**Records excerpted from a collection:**
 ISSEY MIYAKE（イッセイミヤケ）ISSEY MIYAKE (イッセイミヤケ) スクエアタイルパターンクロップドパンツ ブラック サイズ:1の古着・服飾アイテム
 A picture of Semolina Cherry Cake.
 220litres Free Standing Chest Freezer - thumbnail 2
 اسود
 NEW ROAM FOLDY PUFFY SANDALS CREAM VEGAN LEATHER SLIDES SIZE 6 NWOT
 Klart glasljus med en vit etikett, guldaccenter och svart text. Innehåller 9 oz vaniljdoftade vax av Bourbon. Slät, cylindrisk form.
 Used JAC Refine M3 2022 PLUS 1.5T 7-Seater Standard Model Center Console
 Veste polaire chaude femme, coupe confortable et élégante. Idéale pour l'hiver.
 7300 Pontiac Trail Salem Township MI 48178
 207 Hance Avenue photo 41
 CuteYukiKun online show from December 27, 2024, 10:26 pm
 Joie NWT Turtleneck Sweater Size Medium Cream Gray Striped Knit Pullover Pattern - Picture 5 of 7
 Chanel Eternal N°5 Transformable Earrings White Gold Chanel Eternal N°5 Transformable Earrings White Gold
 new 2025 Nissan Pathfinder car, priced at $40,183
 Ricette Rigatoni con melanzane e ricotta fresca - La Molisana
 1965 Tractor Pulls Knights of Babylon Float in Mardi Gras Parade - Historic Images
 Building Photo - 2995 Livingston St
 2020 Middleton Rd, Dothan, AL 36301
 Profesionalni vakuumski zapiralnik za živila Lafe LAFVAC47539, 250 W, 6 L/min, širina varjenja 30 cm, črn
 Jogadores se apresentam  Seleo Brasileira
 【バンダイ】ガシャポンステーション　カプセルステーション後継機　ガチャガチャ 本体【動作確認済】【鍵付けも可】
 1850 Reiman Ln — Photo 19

**Assignment:** Every word of every entry must be returned as it appears.

**Answer area:**
 ISSEY MIYAKE（イッセイミヤケ）ISSEY MIYAKE (イッセイミヤケ) スクエアタイルパターンクロップドパンツ ブラック サイズ:1の古着・服飾アイテム
 A picture of Semolina Cherry Cake.
 220litres Free Standing Chest Freezer - thumbnail 2
 اسود
 NEW ROAM FOLDY PUFFY SANDALS CREAM VEGAN LEATHER SLIDES SIZE 6 NWOT
 Klart glasljus med en vit etikett, guldaccenter och svart text. Innehåller 9 oz vaniljdoftade vax av Bourbon. Slät, cylindrisk form.
 Used JAC Refine M3 2022 PLUS 1.5T 7-Seater Standard Model Center Console
 Veste polaire chaude femme, coupe confortable et élégante. Idéale pour l'hiver.
 7300 Pontiac Trail Salem Township MI 48178
 207 Hance Avenue photo 41
 CuteYukiKun online show from December 27, 2024, 10:26 pm
 Joie NWT Turtleneck Sweater Size Medium Cream Gray Striped Knit Pullover Pattern - Picture 5 of 7
 Chanel Eternal N°5 Transformable Earrings White Gold Chanel Eternal N°5 Transformable Earrings White Gold
 new 2025 Nissan Pathfinder car, priced at $40,183
 Ricette Rigatoni con melanzane e ricotta fresca - La Molisana
 1965 Tractor Pulls Knights of Babylon Float in Mardi Gras Parade - Historic Images
 Building Photo - 2995 Livingston St
 2020 Middleton Rd, Dothan, AL 36301
 Profesionalni vakuumski zapiralnik za živila Lafe LAFVAC47539, 250 W, 6 L/min, širina varjenja 30 cm, črn
 Jogadores se apresentam  Seleo Brasileira
 【バンダイ】ガシャポンステーション　カプセルステーション後継機　ガチャガチャ 本体【動作確認済】【鍵付けも可】
 1850 Reiman Ln — Photo 19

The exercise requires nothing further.